### Task objective
Pictures must not appear in the copy. Reproduce exactly, and only, the lines from the one with "Działka budowlana Mętów" through the end of the data below.

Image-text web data
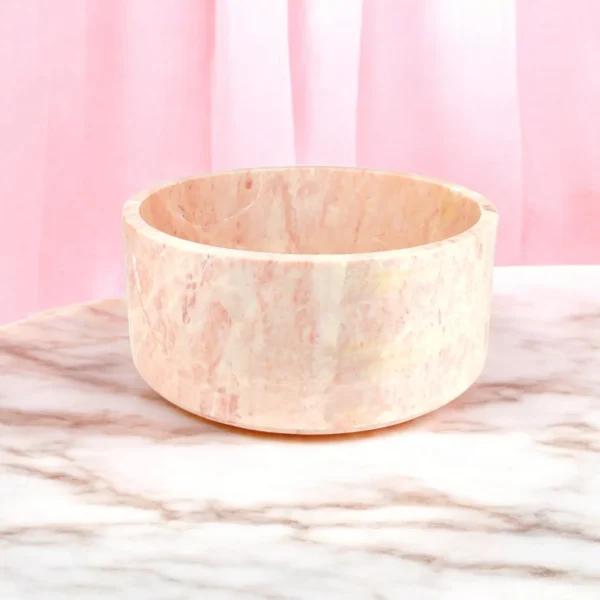 8 Rosa Lux Pembe Mermer Kase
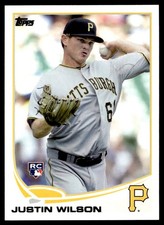 2013 Topps Justin Wilson Rookie Pittsburgh Pirates #481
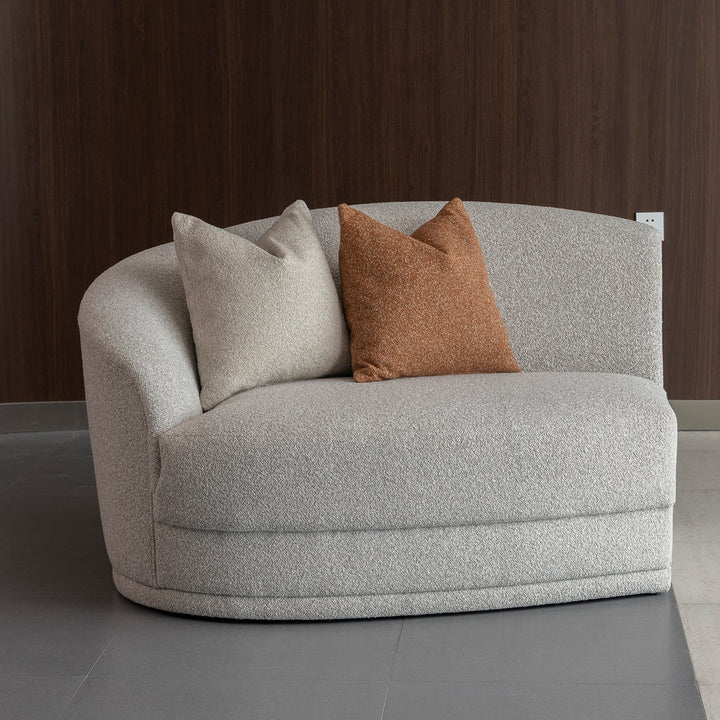 Modern Boucle Fabric Modular Corner 1 Seater Sofa CURVA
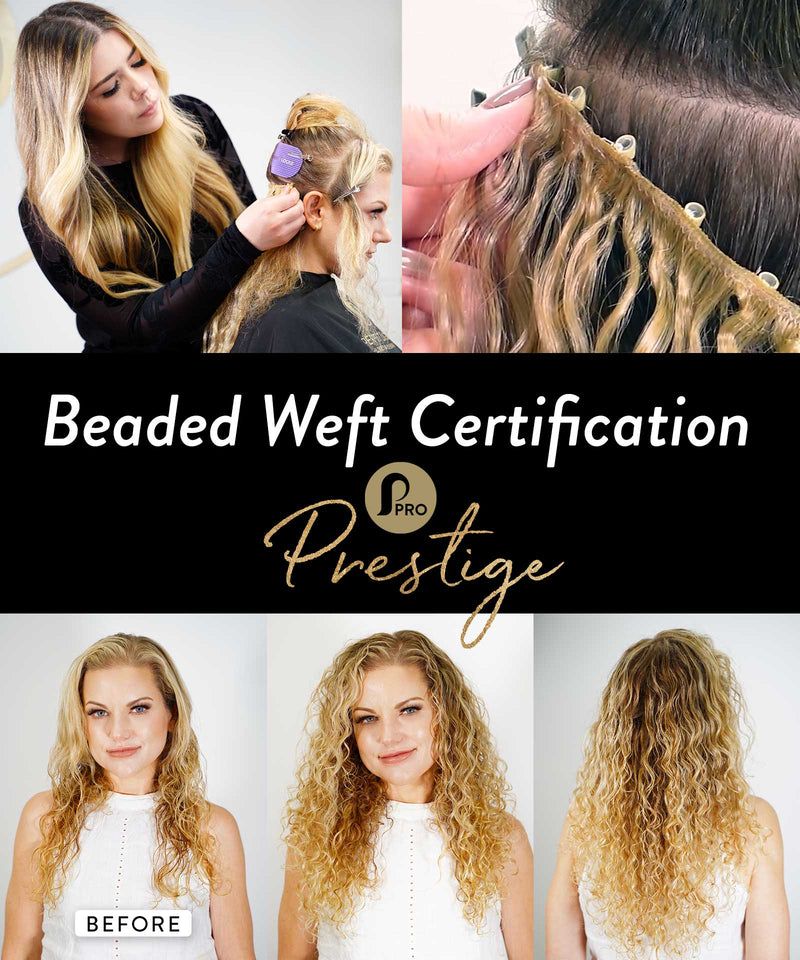 prestige beaded weft certification education by perfect locks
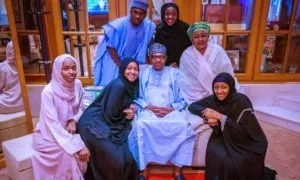 PHOTO NEWS: Buhari and family celebrate Eid-el-Fitri at Presidential Villa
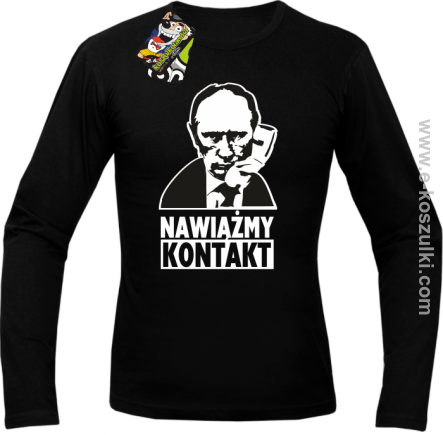 Nawiążmy kontakt Putin - longsleeve czarny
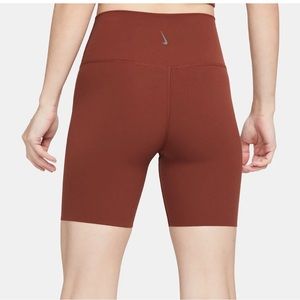 - Nike Yoga Luxe high waist bike shorts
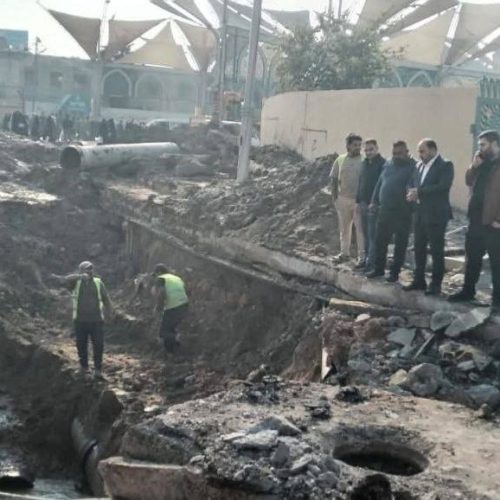 اكتشاف مقبرة جماعية أثناء تنفيذ مشروع لدائرة المجاري في كربلاء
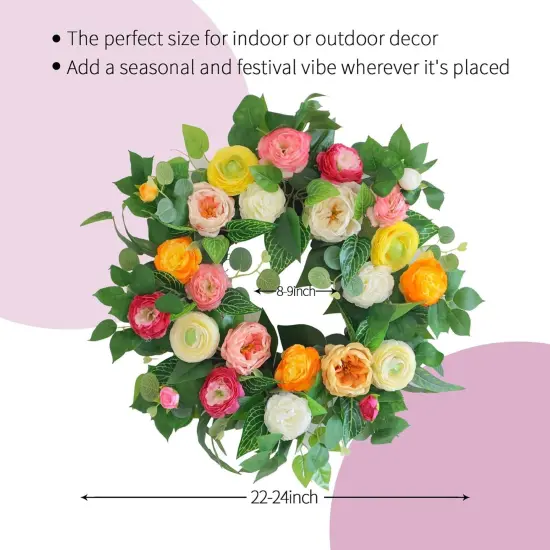Spring Summer Wreaths for Front Door {4}
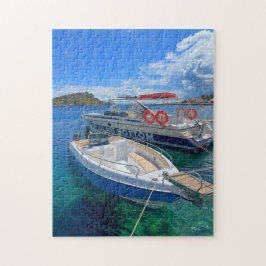 Puzzle Bateaux de pêche Zakynthos Grèce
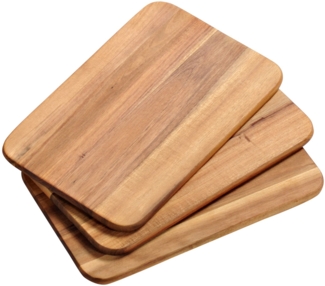 Hochwertige Frühstücksbrettchen 3er Set aus Akazienholz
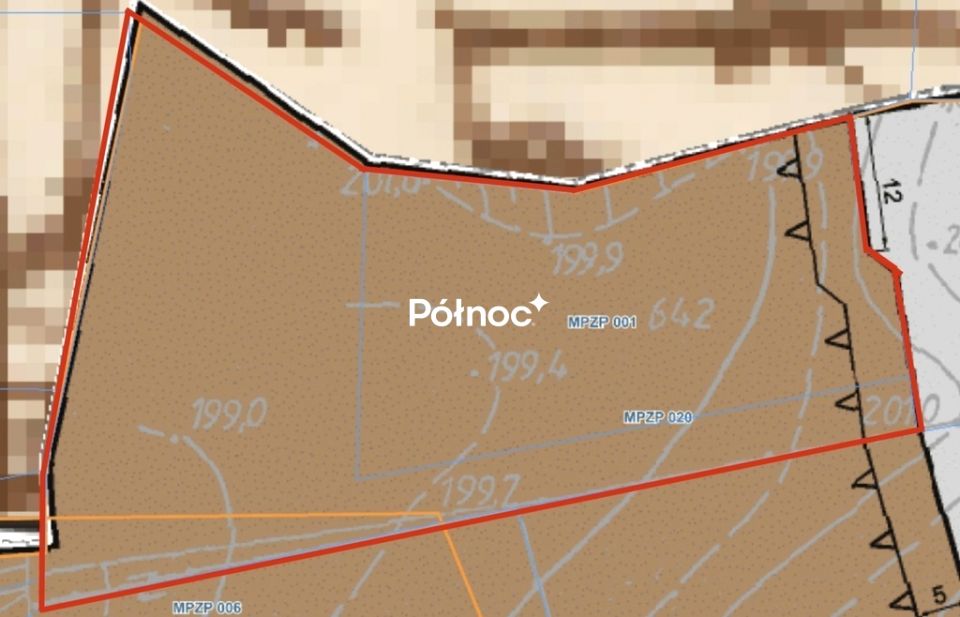 Działka budowlana Mętów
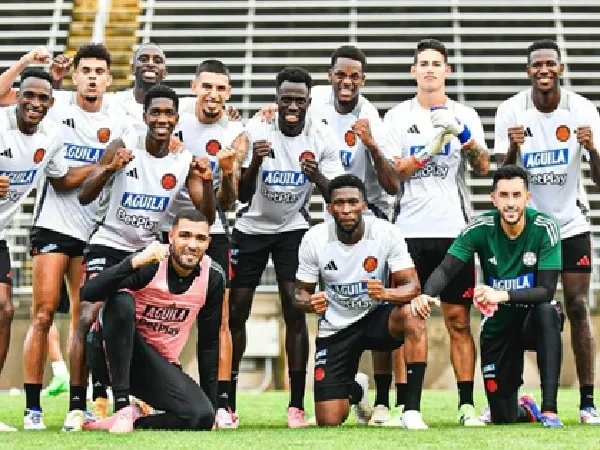 Jugadores de la Selección Colombia.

### Response box
 Działka budowlana Mętów
 Jugadores de la Selección Colombia.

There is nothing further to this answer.